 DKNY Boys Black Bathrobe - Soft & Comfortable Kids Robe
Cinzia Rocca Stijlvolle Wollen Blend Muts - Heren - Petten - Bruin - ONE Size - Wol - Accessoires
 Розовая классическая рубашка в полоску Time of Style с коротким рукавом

---

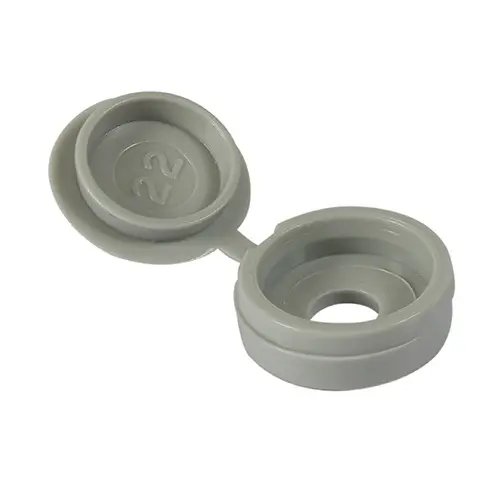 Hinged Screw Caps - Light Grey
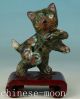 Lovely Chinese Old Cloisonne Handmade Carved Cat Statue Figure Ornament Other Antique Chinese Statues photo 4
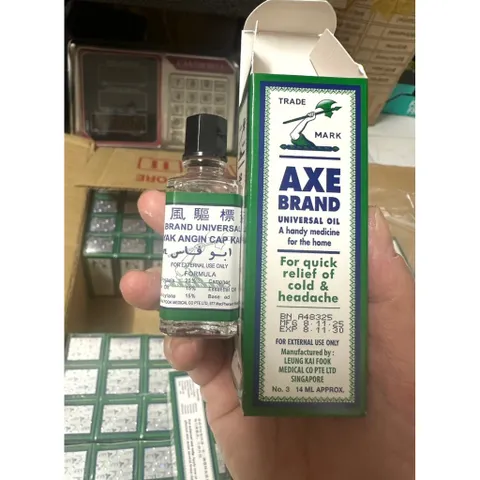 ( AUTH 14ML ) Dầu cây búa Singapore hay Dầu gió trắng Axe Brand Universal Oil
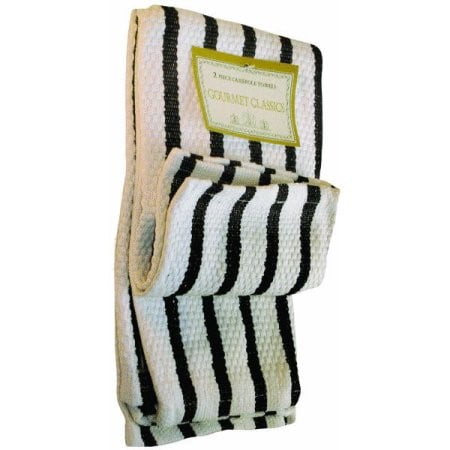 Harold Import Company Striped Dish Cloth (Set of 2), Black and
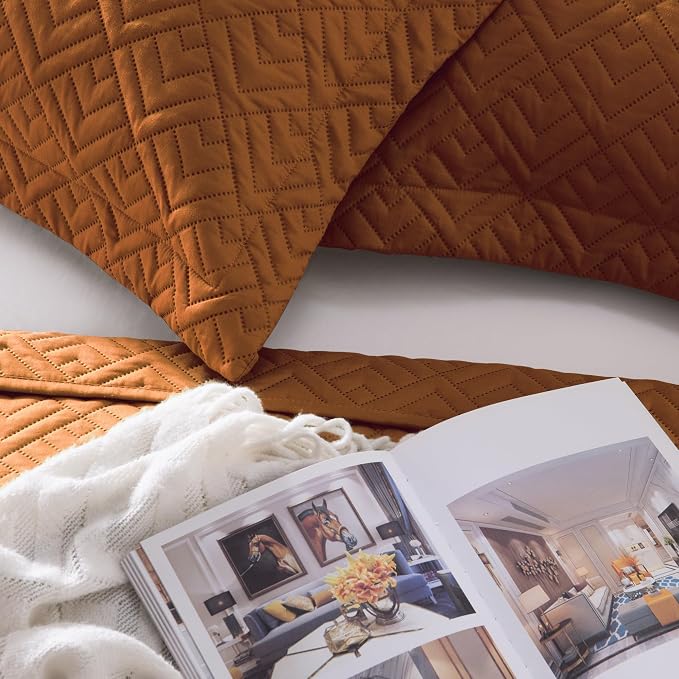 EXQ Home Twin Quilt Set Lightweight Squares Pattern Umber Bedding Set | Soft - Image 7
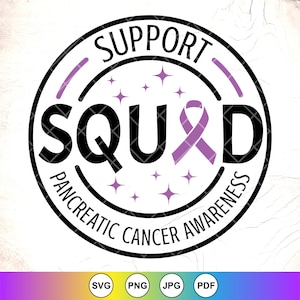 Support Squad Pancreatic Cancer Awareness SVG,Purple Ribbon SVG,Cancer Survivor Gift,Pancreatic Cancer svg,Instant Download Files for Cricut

--

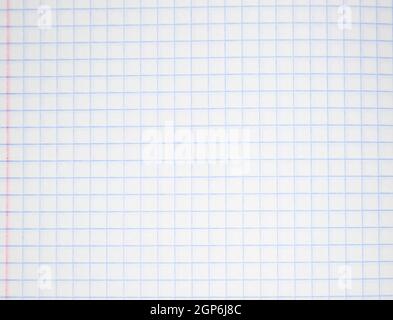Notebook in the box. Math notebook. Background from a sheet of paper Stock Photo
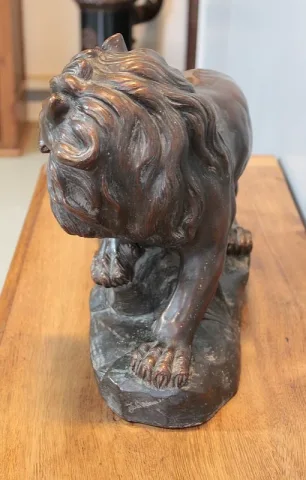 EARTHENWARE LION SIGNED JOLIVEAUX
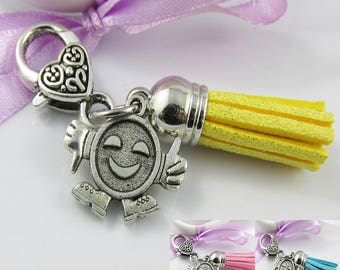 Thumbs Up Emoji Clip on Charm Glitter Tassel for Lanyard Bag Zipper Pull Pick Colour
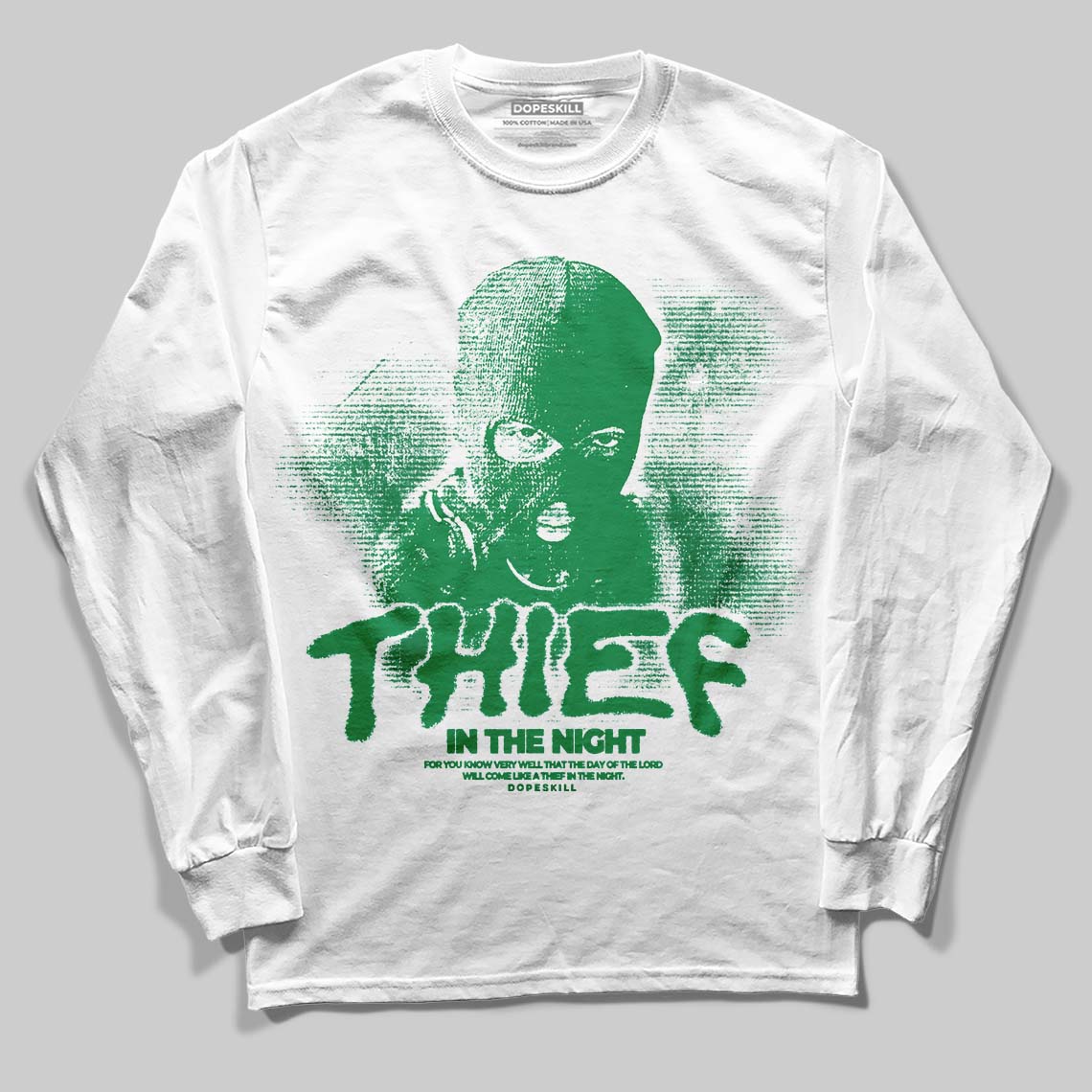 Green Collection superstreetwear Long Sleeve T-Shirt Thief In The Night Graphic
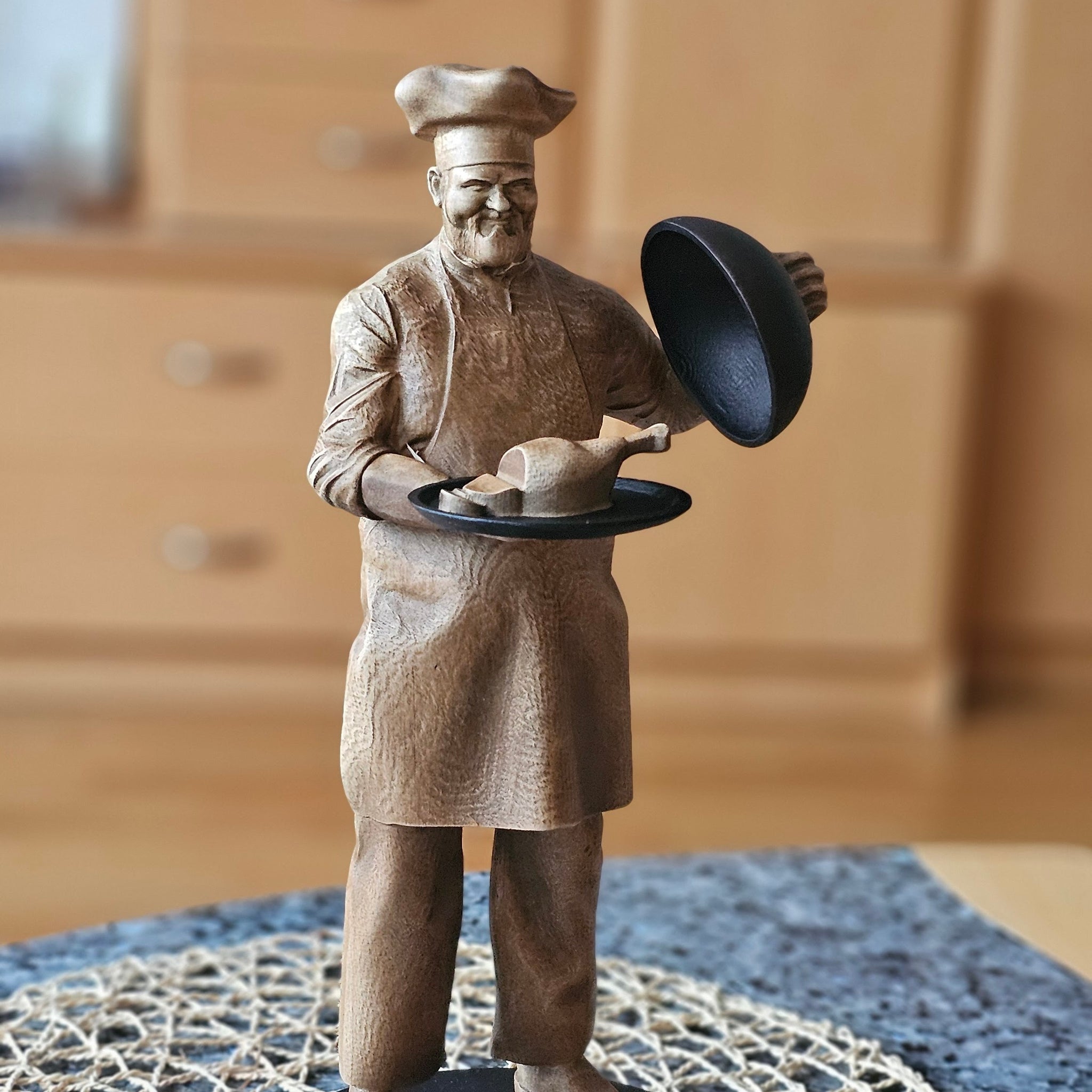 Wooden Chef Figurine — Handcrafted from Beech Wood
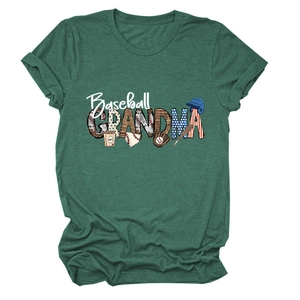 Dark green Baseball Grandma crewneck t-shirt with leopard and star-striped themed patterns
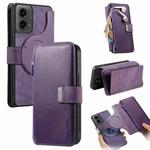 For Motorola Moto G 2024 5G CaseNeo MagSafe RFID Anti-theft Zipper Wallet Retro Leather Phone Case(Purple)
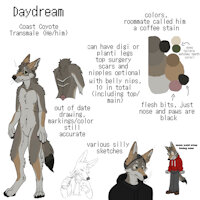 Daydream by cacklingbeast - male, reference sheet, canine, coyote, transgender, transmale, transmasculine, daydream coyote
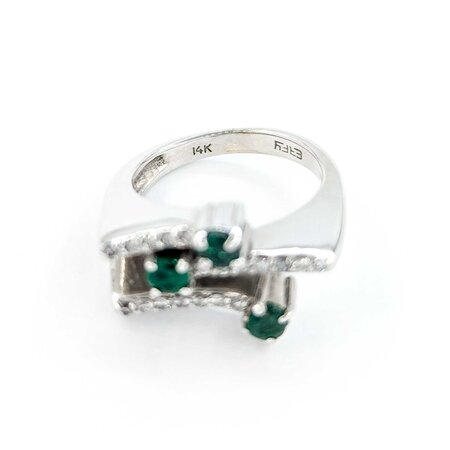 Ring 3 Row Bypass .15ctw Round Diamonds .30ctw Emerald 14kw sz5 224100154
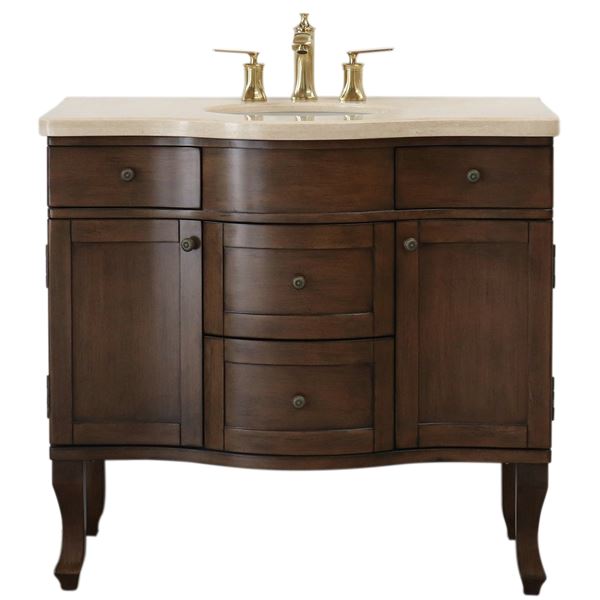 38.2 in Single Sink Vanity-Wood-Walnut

• **Exercise instructions**
Both boundary lines included, write out word for word only the lines above from the one containing "Hinged Screw Caps - Light Grey" to the one containing "Support Squad Pancreatic", leaving out any pictures.

• **Result**
 Hinged Screw Caps - Light Grey
 Lovely Chinese Old Cloisonne Handmade Carved Cat Statue Figure Ornament Other Antique Chinese Statues photo 4
 ( AUTH 14ML ) Dầu cây búa Singapore hay Dầu gió trắng Axe Brand Universal Oil
 Harold Import Company Striped Dish Cloth (Set of 2), Black and
 EXQ Home Twin Quilt Set Lightweight Squares Pattern Umber Bedding Set | Soft - Image 7
 Support Squad Pancreatic Cancer Awareness SVG,Purple Ribbon SVG,Cancer Survivor Gift,Pancreatic Cancer svg,Instant Download Files for Cricut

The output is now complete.